Practicing Hospitality

“Being able to lighten up is the key to feeling at home with your body, mind and emotions, to feeling worthy to live on this planet”–Pema Chodron

I recently visited a new church, I wanted to go since they started. New churches have been my passion and desire and I wanted to learn the journey of the person who initiated this project. As always, when I am searching for something new, I contacted the pastor and introduced myself and tried to set a time to get to know him. Most of the time, the first meeting happened after a while, because I believe relationships take time, but now I can say that I have gained a new friend.

When I have a reunion in my house, I usually invited everybody: friends, friend’s of friends or even strangers. I prepare my house for the up coming of people, clean every room, set the table, cook a good meal, and make of my home a good and welcoming place. When they get to the house I tried to practice hospitality and I become a good host, always welcoming people and offer them wherever they need for their best experience at my place. But lamentably I can not make people to relax and feel at home; yes I can create the space but the experience itself it is only done by the individuals. Henry Nouwen said, “we cannot force anyone to such a personal and intimate change of heart, but we can offer the space where such a change can take place”.

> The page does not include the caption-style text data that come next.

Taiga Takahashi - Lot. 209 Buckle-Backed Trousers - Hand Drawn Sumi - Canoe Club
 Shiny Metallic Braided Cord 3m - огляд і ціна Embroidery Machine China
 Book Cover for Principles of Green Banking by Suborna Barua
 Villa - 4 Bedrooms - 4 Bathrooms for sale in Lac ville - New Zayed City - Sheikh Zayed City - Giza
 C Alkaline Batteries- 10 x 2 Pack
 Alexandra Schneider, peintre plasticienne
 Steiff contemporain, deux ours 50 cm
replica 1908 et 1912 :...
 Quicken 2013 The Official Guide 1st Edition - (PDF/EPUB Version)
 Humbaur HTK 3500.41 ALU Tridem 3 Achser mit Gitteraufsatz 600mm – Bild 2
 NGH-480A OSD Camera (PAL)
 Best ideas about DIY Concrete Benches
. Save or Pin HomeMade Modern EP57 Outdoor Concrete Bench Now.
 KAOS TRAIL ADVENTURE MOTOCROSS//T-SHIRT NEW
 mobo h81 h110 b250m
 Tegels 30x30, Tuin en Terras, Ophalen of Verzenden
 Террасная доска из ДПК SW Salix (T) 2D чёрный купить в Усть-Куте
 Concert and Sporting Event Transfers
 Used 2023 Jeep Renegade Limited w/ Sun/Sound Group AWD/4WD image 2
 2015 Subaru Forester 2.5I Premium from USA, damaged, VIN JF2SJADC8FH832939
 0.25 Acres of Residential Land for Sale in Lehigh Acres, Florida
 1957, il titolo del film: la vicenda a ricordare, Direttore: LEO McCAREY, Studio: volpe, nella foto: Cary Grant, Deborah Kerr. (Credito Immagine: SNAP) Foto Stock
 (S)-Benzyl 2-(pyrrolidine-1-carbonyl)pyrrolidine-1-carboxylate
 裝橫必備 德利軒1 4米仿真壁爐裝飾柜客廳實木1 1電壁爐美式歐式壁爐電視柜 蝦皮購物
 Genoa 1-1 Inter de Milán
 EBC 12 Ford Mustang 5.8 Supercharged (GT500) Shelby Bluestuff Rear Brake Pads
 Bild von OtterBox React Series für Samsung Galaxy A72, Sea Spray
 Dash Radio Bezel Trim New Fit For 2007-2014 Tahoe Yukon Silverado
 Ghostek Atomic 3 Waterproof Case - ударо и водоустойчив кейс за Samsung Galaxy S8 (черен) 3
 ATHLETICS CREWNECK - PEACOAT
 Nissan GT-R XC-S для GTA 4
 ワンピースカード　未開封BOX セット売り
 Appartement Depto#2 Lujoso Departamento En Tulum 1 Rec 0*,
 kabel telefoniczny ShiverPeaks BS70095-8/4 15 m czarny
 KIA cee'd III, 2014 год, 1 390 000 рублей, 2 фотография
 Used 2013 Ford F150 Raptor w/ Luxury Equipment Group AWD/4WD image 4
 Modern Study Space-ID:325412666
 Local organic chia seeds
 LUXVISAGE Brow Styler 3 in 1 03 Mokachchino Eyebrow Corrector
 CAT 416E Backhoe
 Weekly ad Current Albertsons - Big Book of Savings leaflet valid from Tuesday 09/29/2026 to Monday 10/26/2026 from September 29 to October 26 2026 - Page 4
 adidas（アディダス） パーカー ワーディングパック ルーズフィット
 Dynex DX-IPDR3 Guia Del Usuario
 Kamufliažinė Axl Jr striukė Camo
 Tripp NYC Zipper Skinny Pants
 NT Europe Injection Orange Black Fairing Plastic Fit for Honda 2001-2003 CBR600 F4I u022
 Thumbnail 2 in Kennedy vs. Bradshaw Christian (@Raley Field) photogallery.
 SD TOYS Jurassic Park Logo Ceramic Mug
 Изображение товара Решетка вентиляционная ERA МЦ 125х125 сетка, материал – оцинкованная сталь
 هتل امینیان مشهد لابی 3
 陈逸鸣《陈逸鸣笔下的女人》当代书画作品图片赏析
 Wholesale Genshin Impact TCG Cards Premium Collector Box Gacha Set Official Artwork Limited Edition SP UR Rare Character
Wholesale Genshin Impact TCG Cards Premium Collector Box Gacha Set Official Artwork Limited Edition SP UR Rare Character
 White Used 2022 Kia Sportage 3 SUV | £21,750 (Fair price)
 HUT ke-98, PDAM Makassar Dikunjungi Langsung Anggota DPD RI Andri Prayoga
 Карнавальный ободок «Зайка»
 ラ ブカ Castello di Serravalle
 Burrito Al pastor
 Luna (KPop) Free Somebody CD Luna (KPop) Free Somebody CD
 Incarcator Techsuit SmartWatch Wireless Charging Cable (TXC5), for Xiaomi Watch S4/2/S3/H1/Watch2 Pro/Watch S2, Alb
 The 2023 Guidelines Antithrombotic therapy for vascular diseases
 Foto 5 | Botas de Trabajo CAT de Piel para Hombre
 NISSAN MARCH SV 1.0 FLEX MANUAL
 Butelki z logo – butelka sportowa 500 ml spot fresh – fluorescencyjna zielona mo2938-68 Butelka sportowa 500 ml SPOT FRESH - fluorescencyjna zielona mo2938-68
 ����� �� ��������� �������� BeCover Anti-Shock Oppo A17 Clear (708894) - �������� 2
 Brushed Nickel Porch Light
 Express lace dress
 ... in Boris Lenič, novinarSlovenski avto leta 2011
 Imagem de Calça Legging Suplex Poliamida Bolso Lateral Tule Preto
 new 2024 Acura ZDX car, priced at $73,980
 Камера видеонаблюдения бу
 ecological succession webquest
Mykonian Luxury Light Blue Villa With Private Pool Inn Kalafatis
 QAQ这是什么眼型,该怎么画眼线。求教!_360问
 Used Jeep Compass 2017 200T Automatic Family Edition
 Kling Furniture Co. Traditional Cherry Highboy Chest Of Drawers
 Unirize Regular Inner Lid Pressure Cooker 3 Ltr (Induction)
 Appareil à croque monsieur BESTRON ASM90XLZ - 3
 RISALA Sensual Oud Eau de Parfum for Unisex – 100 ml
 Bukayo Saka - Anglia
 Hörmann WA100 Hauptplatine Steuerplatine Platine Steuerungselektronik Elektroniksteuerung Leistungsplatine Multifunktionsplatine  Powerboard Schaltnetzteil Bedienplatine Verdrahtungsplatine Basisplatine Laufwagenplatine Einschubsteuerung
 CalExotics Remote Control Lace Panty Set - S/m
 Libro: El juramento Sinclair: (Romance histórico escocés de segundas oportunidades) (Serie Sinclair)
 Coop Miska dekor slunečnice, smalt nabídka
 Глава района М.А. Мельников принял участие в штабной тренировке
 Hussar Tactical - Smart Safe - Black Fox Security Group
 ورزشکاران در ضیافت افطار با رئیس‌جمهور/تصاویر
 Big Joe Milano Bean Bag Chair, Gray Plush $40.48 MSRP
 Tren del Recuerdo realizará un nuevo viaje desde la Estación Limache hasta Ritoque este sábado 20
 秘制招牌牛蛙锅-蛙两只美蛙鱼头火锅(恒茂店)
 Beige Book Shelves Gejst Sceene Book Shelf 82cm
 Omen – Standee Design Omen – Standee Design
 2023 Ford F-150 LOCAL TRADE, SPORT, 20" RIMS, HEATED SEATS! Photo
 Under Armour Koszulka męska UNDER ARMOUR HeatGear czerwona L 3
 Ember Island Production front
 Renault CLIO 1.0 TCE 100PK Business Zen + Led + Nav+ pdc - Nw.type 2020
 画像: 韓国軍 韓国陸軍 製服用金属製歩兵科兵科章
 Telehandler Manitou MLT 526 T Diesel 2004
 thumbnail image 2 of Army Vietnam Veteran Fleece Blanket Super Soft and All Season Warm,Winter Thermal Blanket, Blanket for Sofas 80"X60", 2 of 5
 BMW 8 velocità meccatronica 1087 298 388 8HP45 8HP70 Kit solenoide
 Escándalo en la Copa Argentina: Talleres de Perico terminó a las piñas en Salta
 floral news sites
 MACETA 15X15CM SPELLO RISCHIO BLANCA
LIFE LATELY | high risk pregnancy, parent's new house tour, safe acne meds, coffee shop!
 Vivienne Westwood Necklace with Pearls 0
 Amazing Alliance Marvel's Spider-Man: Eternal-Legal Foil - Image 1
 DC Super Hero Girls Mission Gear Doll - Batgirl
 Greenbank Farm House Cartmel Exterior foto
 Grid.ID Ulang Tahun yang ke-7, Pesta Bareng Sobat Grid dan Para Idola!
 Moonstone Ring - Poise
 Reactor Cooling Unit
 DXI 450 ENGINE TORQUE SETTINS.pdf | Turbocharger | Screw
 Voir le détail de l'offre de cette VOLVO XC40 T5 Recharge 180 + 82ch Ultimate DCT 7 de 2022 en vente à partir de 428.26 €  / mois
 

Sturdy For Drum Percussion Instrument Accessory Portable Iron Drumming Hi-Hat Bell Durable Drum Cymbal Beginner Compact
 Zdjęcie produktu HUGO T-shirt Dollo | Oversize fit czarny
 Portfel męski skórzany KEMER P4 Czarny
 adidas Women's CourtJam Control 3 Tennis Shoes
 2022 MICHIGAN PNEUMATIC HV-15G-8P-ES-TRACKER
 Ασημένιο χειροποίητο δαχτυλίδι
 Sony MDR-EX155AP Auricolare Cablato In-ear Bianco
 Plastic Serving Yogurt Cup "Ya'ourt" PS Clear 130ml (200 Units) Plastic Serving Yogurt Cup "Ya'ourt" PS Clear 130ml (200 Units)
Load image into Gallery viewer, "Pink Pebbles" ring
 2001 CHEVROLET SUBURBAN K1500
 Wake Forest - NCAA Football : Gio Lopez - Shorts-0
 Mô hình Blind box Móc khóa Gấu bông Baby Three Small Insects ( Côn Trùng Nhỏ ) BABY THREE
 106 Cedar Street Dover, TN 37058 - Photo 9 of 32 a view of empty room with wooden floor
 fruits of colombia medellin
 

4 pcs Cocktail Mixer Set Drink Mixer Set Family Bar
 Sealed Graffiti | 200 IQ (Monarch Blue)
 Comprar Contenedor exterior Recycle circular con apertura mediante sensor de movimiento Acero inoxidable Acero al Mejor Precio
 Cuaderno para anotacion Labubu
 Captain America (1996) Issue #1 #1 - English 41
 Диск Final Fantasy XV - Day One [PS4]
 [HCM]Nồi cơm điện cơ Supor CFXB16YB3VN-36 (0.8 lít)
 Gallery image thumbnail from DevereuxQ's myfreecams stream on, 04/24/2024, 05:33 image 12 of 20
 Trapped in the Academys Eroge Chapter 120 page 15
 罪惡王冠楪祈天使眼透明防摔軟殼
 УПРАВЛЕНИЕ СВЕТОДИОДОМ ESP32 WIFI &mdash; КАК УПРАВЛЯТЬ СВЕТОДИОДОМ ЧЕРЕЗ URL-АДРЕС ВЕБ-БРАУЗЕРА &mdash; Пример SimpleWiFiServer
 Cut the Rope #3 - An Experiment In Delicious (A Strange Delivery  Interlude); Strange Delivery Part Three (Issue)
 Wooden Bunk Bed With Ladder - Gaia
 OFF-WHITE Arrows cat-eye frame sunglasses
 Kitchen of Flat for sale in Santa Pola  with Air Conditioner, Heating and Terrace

Usually I can easily get caught in all the excitement of preparing and cleaning that I forget about my own guests. One of the traits of my personality—and my friend John Purdue has confirmed it to me—is that I am a person that connects people. So when a guest come to my house I will make sure he will meet someone else, so he can relate and connect with others. No one has to feel themselves alone. I am also know that if I am the guest and not the host, I tend to be very shy and it is really hard for me to get to know people, so I will need the help of the host to open myself and start relating with others. So my point in all these is how can we translate the experience of receiving guest into our house to receive guest into our communities of faith?

When I arrived to this new church, the host, welcomed me with an awesome hug—checked–, the greeters gave a bulleting an smiled at me when I enter the lobby—checked–, they introduced themselves, and told me where I could seat, I was even introduced to other people so I would not feel like a stranger surrounded by unknown people—unchecked–. Yes! I was left alone to enter into the auditorium and found myself in a very uncertain territory, surrounded by people that I did not know, without knowing if we had something in common. I came desiring community in the midst of a new church and I found myself isolated. No one, close, approached me to introduce themselves and let me know what was happening. No one got closer to be friended me and may be have the possibility to have lunch with them. No one one said bye to me, because by the time the gathering was done, the greeters were already cleaning the house. Please do not take me wrong I had a great time singing, listening to an “awesome” teaching and enjoying the part I like the most in a service(mass): The Table of the Lord (Eucharistic).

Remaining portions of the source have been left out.